* **WHAT IS REQUIRED**
Should an entry contain an image, leave the image out and repeat the entry's text exactly.

____

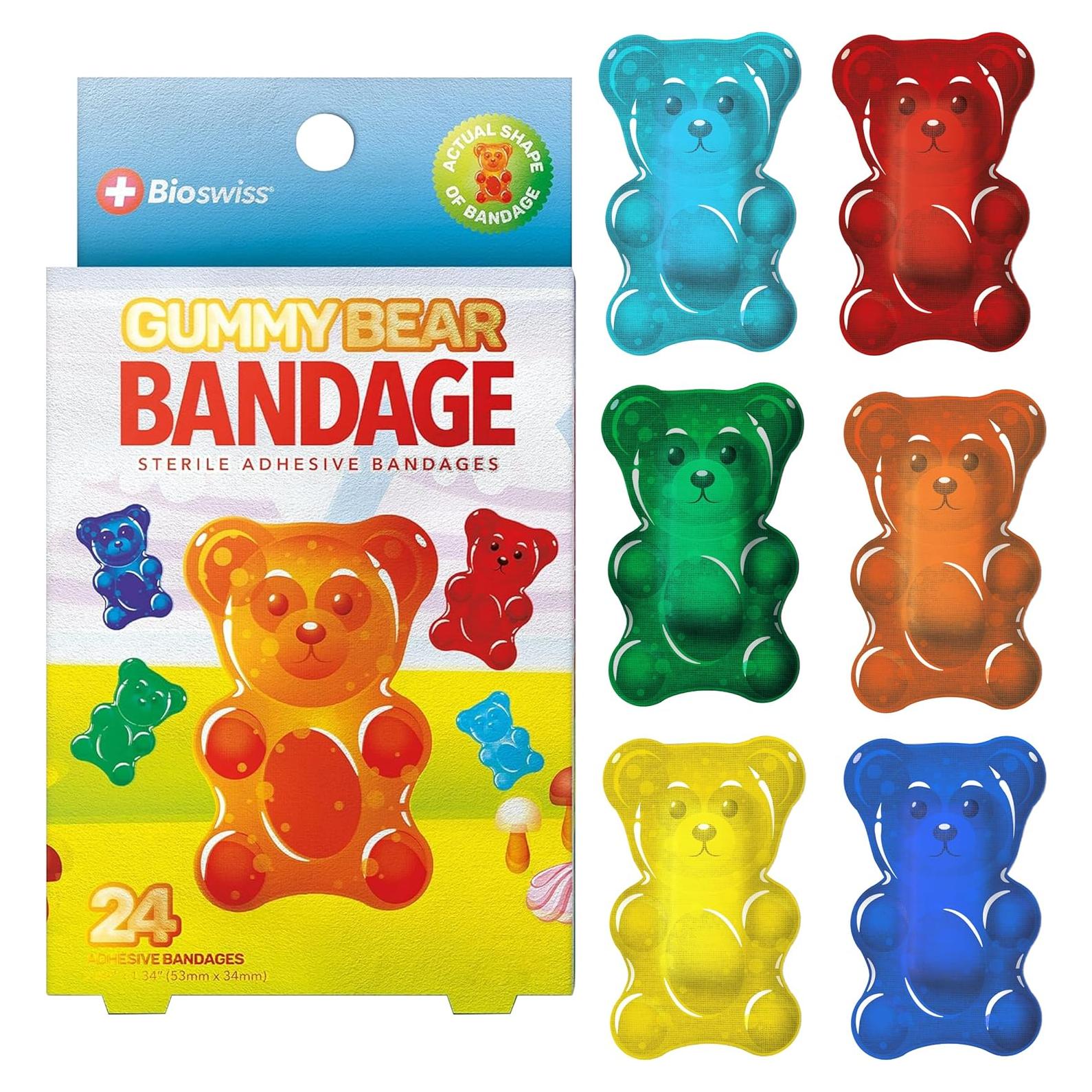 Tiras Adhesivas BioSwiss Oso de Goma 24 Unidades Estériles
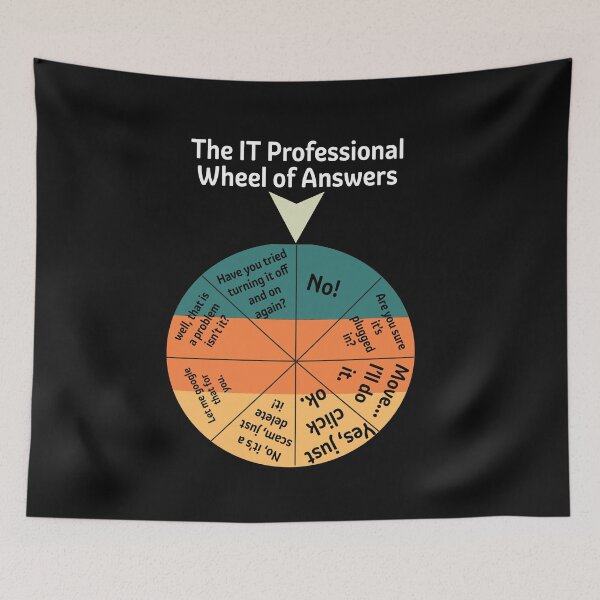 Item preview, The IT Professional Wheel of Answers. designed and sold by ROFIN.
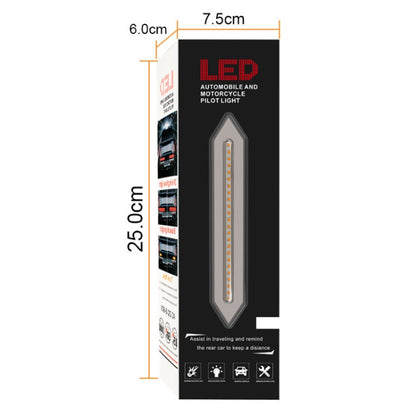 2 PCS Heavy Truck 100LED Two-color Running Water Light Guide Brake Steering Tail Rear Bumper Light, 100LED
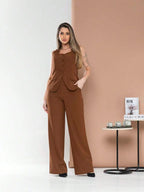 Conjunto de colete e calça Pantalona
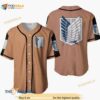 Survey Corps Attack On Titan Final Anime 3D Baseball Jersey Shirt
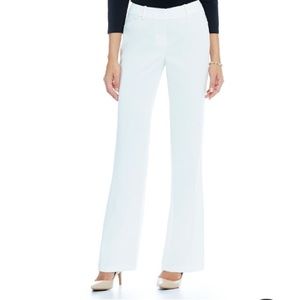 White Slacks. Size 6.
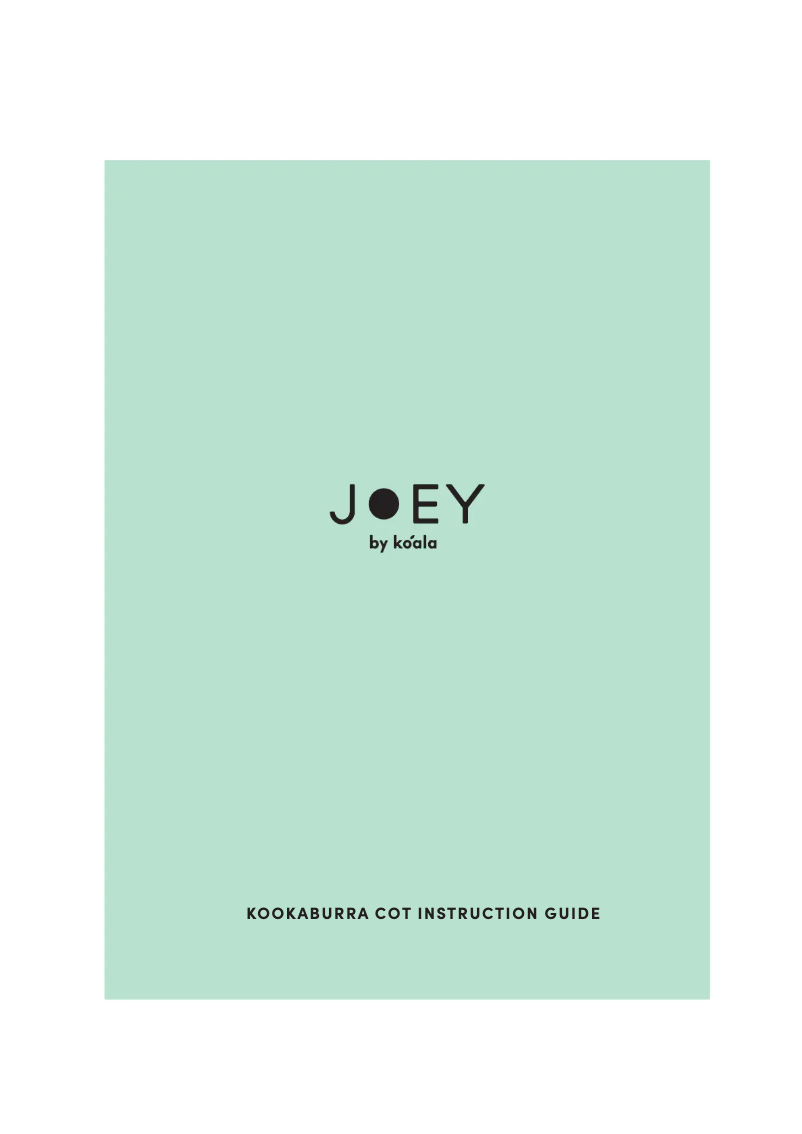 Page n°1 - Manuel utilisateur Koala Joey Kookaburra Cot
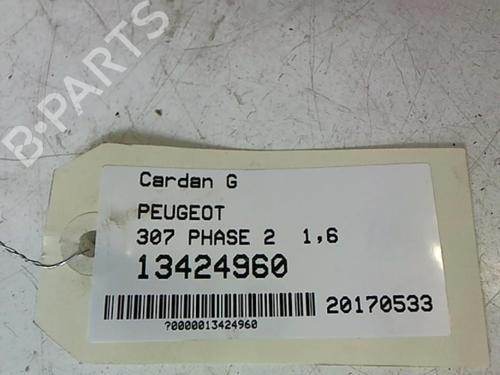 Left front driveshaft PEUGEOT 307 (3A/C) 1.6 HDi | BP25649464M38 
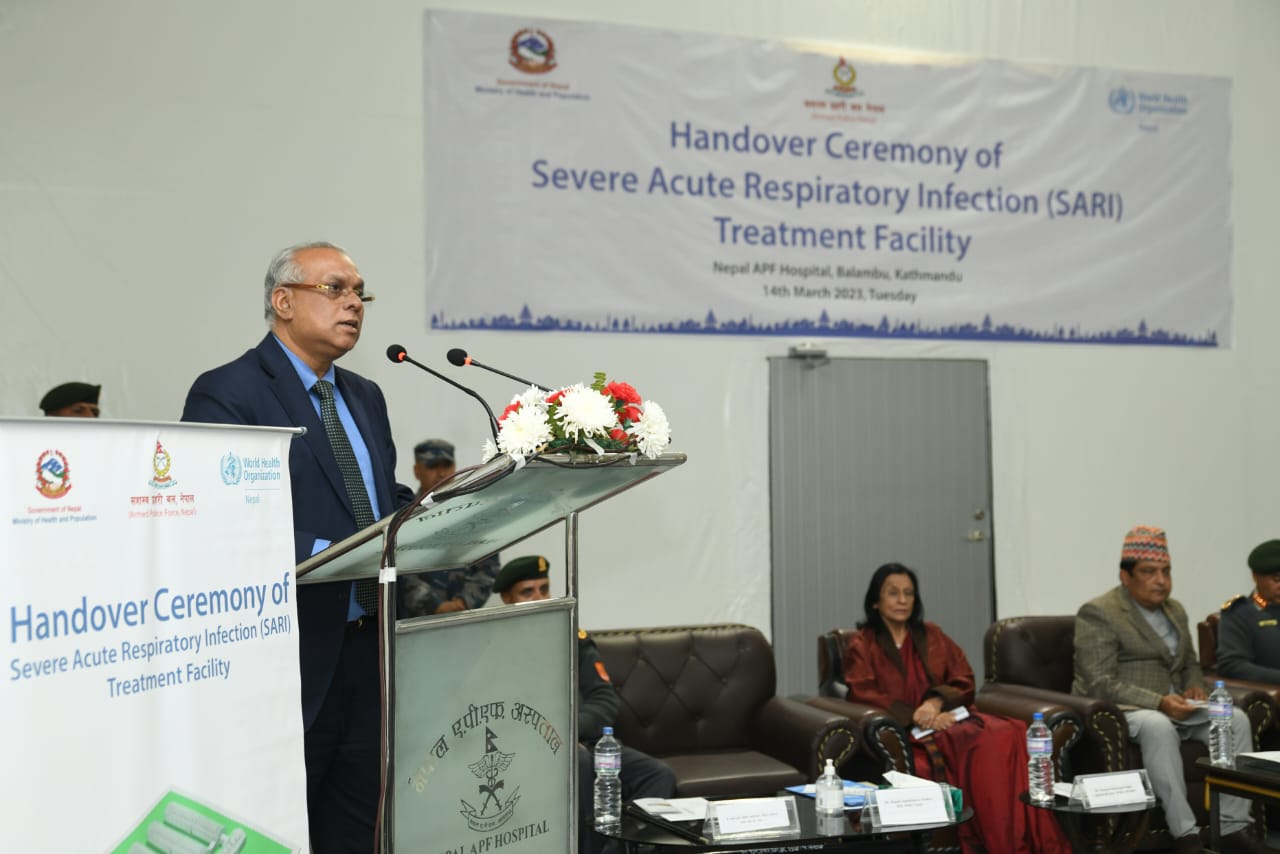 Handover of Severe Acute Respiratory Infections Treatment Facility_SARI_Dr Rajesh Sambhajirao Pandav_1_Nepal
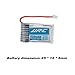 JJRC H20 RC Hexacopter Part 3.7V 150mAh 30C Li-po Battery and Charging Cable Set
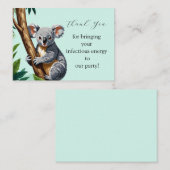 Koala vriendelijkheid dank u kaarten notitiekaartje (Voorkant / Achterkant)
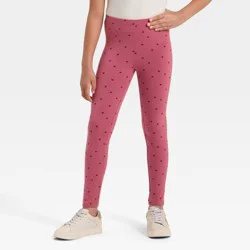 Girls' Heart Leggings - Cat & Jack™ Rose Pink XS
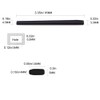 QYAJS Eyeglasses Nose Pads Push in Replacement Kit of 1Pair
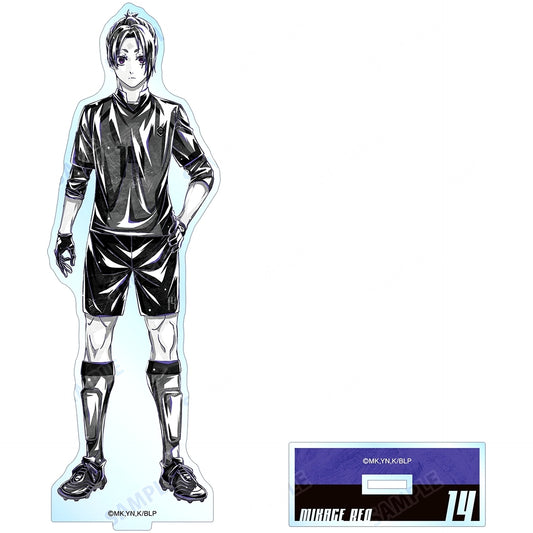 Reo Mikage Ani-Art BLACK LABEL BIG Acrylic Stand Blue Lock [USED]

____

* **RESULT FOR THIS TASK**
 Tiras Adhesivas BioSwiss Oso de Goma 24 Unidades Estériles
 Item preview, The IT Professional Wheel of Answers. designed and sold by ROFIN.
 2 PCS Heavy Truck 100LED Two-color Running Water Light Guide Brake Steering Tail Rear Bumper Light, 100LED
 Conjunto de colete e calça Pantalona
 Survey Corps Attack On Titan Final Anime 3D Baseball Jersey Shirt
 White Slacks. Size 6.
 Page n°1 - Manuel utilisateur Koala Joey Kookaburra Cot
 Left front driveshaft PEUGEOT 307 (3A/C) 1.6 HDi | BP25649464M38 
 Handover of Severe Acute Respiratory Infections Treatment Facility_SARI_Dr Rajesh Sambhajirao Pandav_1_Nepal
 JJRC H20 RC Hexacopter Part 3.7V 150mAh 30C Li-po Battery and Charging Cable Set
 Koala vriendelijkheid dank u kaarten notitiekaartje (Voorkant / Achterkant)
 Girls' Heart Leggings - Cat & Jack™ Rose Pink XS
 QYAJS Eyeglasses Nose Pads Push in Replacement Kit of 1Pair
 Reo Mikage Ani-Art BLACK LABEL BIG Acrylic Stand Blue Lock [USED]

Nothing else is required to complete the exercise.